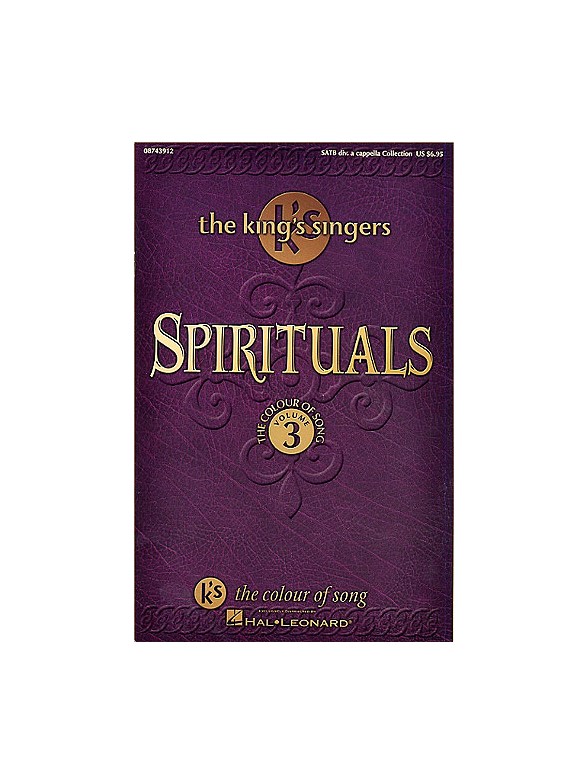 The King's Singers: The Colour Of Song Vol.3 (Spirituals)
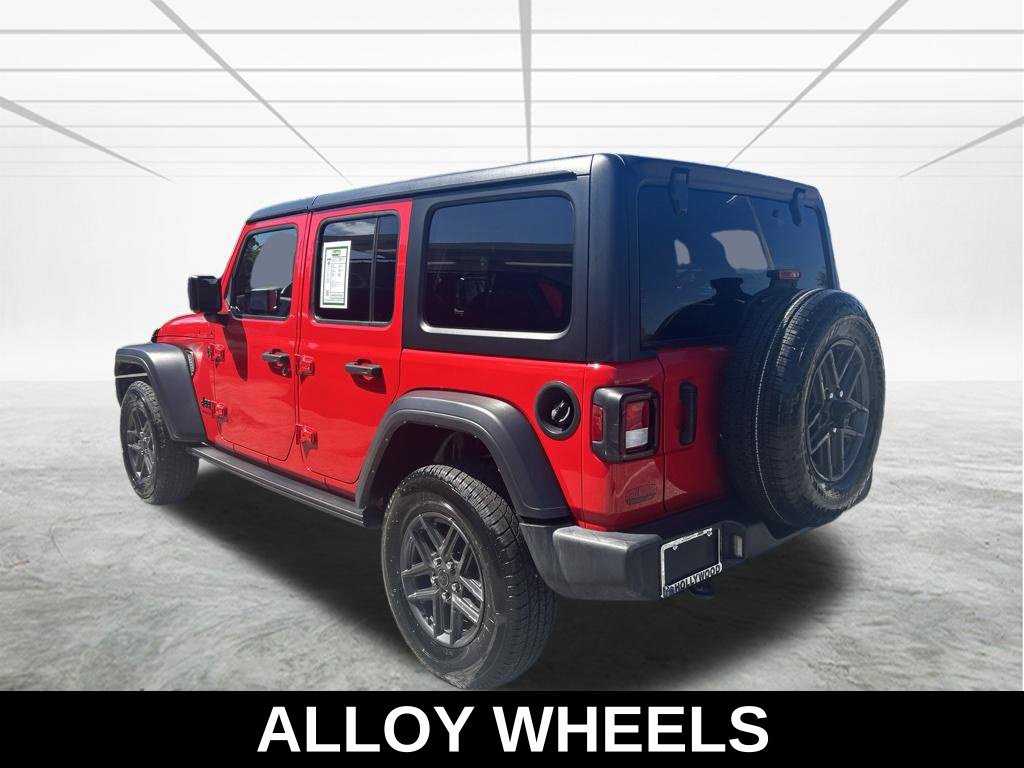 Used 2024 Jeep Wrangler Unlimited Sport AWD/4WD image 7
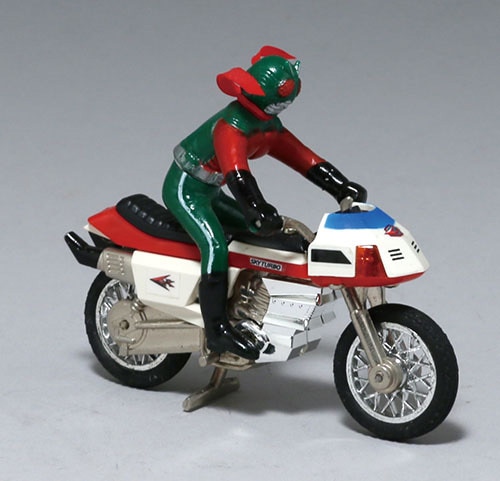 仮面ライダー ソフビ ポピー スカイライダー ポピー製 スカイライダー 面取れ 面替え ソフビ フィギュア
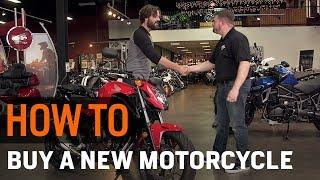 How To Buy A New Motorcycle from a Dealer at RevZilla.com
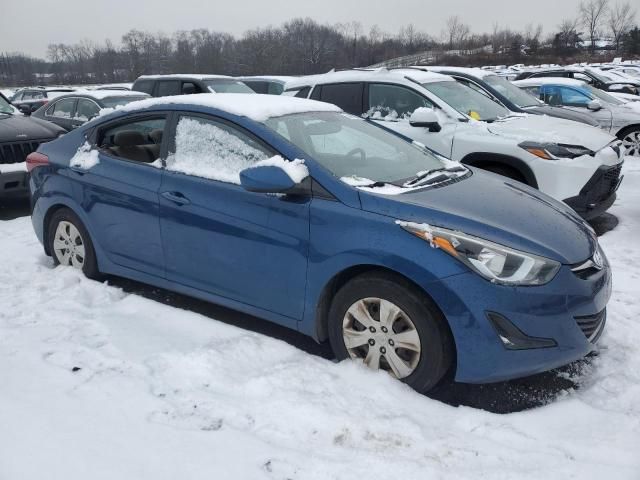 2016 Hyundai Elantra SE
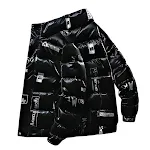 Men's Stand-up Collar Downcotton-padded Jacket Warm Winter Coat Breathable Windproof Comfortable Men's Puffer Jacket for — photo 5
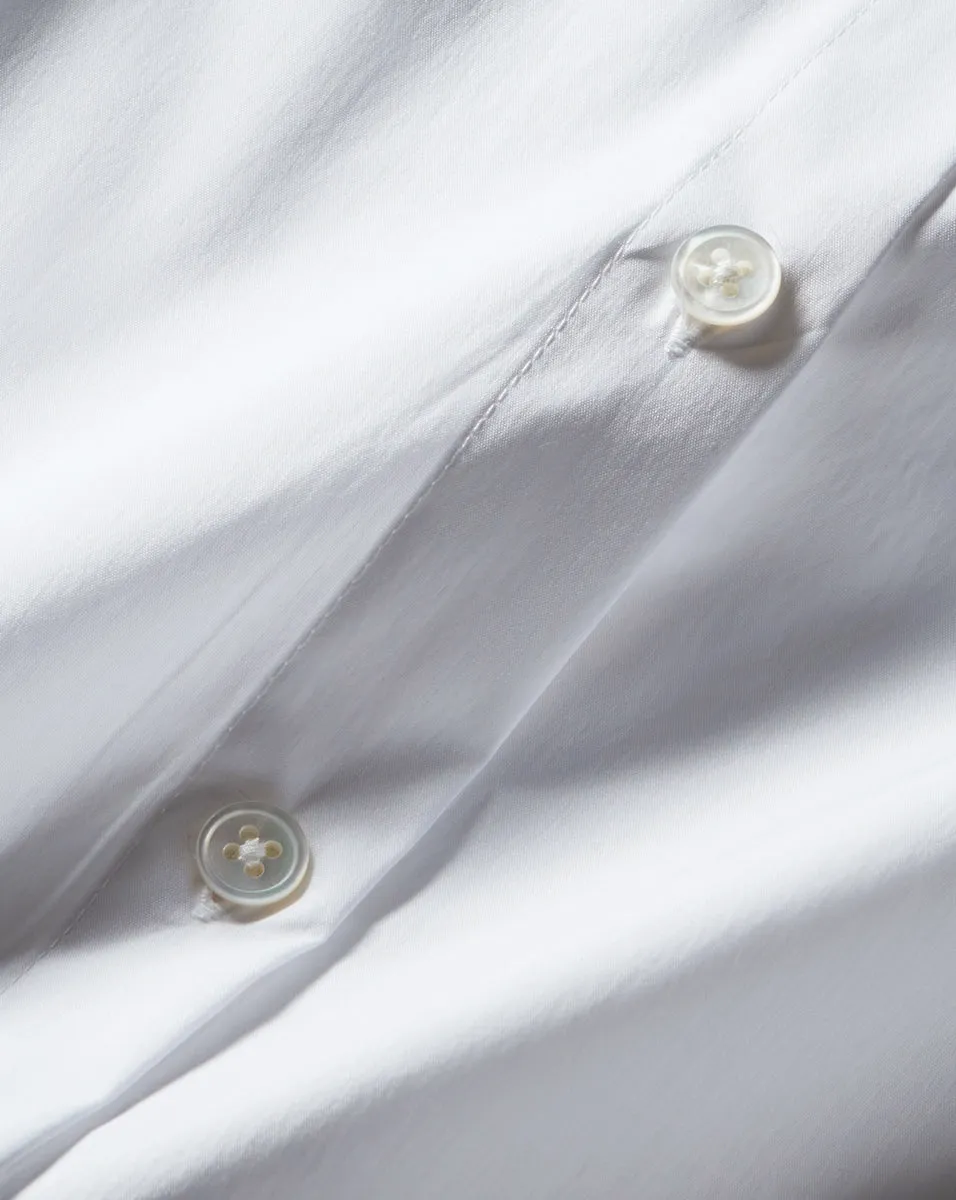 Amelia Cotton Button-Down Shirt sold by Ulla Johnson product image thumbnail 2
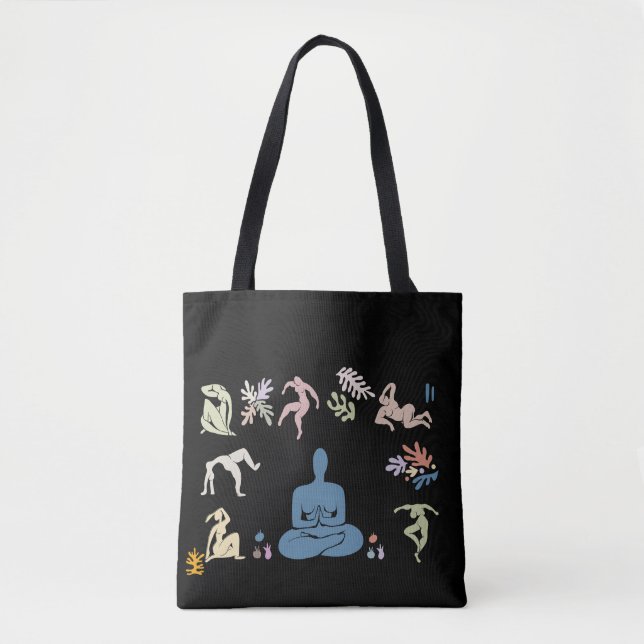 Bolsa Tote Elementos de Meditação de Arte Matisse (Frente)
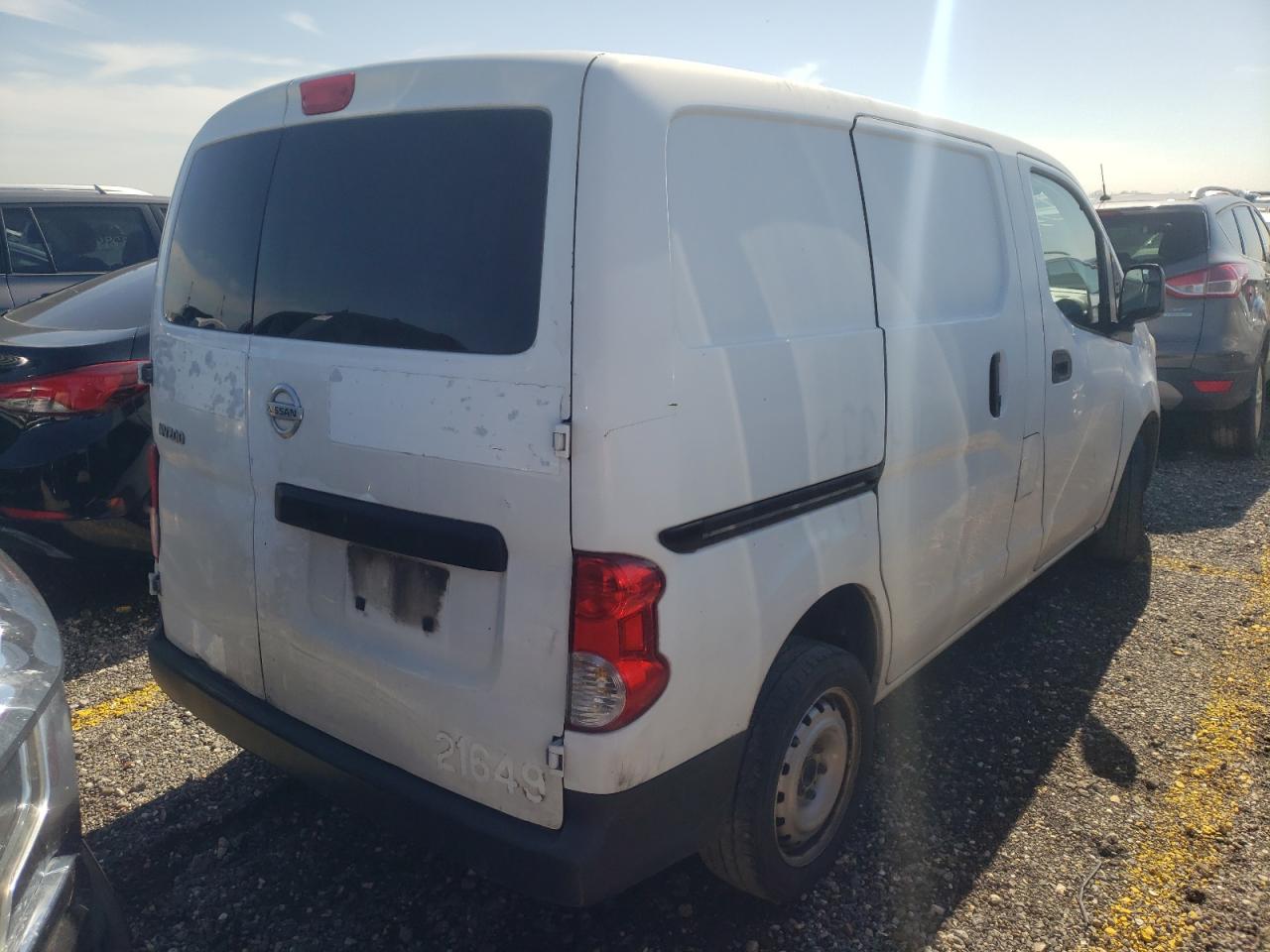 Photo 4 from auction – 2015 NISSAN NV200 2.5S with VIN 3N6CM0KN0FK714199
============
* What is required
Transcribe each entry above character for character, omitting pictures.

* Response area
 The King's Singers: The Colour Of Song Vol.3 (Spirituals)
 Used 2024 Jeep Wrangler Unlimited Sport AWD/4WD image 7
 仮面ライダー ソフビ ポピー スカイライダー ポピー製 スカイライダー 面取れ 面替え ソフビ フィギュア
 How To Buy A New Motorcycle from a Dealer at RevZilla.com
 2016 Hyundai Elantra SE
 Men's Stand-up Collar Downcotton-padded Jacket Warm Winter Coat Breathable Windproof Comfortable Men's Puffer Jacket for — photo 5
 Amelia Cotton Button-Down Shirt sold by Ulla Johnson product image thumbnail 2
 Bolsa Tote Elementos de Meditação de Arte Matisse (Frente)
 Photo 4 from auction – 2015 NISSAN NV200 2.5S with VIN 3N6CM0KN0FK714199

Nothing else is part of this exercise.